▶ [TASK DESCRIPTION]
Reproduce the opening lines of the records exactly, up to and including the line in which "Retrato ilustrado de" occurs.

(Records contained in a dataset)
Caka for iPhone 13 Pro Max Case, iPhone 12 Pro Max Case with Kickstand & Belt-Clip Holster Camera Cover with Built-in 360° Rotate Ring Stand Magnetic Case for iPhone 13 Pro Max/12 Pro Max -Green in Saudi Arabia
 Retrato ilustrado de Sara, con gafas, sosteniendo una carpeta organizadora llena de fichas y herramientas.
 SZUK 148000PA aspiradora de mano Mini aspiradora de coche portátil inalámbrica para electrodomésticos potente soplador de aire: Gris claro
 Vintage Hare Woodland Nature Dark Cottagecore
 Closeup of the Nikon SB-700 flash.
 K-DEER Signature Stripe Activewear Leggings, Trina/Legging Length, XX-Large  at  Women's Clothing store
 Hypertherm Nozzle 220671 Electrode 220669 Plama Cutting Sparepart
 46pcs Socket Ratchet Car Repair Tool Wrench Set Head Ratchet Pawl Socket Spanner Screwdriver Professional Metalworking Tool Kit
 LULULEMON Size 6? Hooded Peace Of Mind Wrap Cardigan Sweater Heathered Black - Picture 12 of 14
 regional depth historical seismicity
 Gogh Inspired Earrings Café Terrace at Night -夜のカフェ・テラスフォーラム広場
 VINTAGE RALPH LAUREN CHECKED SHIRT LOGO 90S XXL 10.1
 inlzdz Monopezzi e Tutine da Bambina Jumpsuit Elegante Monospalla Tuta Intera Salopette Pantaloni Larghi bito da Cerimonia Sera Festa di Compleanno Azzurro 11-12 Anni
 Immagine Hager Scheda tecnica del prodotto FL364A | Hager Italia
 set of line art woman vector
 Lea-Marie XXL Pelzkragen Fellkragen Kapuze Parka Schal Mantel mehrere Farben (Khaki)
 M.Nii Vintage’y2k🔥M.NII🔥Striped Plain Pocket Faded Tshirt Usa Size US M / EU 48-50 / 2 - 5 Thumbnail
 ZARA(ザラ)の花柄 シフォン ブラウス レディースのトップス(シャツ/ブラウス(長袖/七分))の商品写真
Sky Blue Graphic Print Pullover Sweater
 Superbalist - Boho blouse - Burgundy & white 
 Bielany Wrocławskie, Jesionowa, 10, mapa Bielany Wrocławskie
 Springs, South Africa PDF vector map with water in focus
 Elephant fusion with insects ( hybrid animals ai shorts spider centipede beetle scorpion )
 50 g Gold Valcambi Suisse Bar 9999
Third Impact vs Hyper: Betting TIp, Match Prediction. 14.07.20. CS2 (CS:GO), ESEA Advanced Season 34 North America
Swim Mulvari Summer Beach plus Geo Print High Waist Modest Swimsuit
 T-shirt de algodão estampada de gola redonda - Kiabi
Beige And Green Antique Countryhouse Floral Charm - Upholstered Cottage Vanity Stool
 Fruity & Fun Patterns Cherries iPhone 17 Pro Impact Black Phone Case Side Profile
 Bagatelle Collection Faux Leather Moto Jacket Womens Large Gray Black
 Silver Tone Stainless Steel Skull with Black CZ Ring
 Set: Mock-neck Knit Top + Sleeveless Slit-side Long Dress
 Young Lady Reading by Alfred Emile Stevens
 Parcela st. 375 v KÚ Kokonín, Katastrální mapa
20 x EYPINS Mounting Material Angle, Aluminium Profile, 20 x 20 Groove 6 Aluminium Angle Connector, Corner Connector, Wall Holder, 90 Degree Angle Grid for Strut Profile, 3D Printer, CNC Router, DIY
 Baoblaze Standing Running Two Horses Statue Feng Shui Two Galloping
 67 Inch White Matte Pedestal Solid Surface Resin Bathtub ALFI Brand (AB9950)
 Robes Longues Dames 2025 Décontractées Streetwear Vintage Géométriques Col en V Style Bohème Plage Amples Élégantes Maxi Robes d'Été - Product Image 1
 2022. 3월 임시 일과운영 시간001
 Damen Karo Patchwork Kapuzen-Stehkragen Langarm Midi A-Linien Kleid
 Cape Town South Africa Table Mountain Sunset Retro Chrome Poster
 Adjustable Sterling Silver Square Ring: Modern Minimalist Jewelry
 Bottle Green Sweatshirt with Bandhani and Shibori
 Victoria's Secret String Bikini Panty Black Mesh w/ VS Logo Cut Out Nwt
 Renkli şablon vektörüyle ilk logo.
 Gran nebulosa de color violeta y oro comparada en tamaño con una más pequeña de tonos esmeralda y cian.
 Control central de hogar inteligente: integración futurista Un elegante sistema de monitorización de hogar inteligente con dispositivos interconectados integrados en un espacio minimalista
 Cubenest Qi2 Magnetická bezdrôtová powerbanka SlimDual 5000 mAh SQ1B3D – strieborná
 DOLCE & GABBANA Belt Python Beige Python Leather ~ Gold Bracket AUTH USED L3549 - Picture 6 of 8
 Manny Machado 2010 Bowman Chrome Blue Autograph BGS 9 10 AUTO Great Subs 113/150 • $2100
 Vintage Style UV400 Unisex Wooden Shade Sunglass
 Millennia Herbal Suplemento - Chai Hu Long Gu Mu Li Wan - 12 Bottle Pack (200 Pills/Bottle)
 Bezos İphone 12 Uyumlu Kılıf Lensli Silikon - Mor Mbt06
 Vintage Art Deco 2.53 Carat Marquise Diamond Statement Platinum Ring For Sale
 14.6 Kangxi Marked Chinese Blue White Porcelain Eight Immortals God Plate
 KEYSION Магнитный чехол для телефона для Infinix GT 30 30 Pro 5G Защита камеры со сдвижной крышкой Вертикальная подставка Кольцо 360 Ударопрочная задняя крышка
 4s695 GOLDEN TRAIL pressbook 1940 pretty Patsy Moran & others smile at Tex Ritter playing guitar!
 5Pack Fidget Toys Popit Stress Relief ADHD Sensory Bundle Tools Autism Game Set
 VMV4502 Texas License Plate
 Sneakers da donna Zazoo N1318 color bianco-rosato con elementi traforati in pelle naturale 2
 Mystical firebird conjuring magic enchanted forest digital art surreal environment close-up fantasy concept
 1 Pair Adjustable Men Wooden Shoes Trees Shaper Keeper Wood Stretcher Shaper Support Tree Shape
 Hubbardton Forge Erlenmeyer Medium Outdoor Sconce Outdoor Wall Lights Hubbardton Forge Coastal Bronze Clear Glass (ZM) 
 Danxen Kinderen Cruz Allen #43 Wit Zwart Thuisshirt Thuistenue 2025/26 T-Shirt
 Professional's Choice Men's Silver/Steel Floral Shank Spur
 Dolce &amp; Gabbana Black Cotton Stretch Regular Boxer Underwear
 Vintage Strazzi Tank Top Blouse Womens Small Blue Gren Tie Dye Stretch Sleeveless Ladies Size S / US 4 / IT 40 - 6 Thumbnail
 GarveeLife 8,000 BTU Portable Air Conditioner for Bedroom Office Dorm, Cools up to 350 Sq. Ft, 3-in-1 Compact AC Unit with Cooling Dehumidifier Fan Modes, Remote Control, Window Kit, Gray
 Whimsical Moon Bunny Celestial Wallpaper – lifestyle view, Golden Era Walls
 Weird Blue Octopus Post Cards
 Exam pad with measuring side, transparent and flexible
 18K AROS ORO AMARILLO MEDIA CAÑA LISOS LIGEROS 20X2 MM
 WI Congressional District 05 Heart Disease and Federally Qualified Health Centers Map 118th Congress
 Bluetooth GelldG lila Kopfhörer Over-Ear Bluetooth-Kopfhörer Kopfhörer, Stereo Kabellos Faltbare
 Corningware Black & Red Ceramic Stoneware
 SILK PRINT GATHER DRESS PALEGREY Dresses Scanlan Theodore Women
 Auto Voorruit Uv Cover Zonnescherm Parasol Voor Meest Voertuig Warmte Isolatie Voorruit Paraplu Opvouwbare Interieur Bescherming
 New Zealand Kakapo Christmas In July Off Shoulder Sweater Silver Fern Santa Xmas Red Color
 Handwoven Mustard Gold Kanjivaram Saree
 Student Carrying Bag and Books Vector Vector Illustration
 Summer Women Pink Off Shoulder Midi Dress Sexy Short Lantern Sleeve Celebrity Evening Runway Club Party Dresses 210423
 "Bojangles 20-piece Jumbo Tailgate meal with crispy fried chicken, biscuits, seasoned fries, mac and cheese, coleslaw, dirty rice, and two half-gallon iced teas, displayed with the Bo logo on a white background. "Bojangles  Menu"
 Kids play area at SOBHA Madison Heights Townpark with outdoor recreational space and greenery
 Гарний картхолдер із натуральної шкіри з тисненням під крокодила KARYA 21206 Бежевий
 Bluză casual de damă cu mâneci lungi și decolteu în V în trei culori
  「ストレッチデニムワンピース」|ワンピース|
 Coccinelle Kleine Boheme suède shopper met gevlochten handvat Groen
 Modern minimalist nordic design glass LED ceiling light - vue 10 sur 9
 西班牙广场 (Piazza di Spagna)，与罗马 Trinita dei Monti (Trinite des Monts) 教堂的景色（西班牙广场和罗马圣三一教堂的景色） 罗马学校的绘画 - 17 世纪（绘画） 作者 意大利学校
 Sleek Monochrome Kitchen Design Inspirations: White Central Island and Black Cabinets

▶ [TASK SOLUTION]
Caka for iPhone 13 Pro Max Case, iPhone 12 Pro Max Case with Kickstand & Belt-Clip Holster Camera Cover with Built-in 360° Rotate Ring Stand Magnetic Case for iPhone 13 Pro Max/12 Pro Max -Green in Saudi Arabia
 Retrato ilustrado de Sara, con gafas, sosteniendo una carpeta organizadora llena de fichas y herramientas.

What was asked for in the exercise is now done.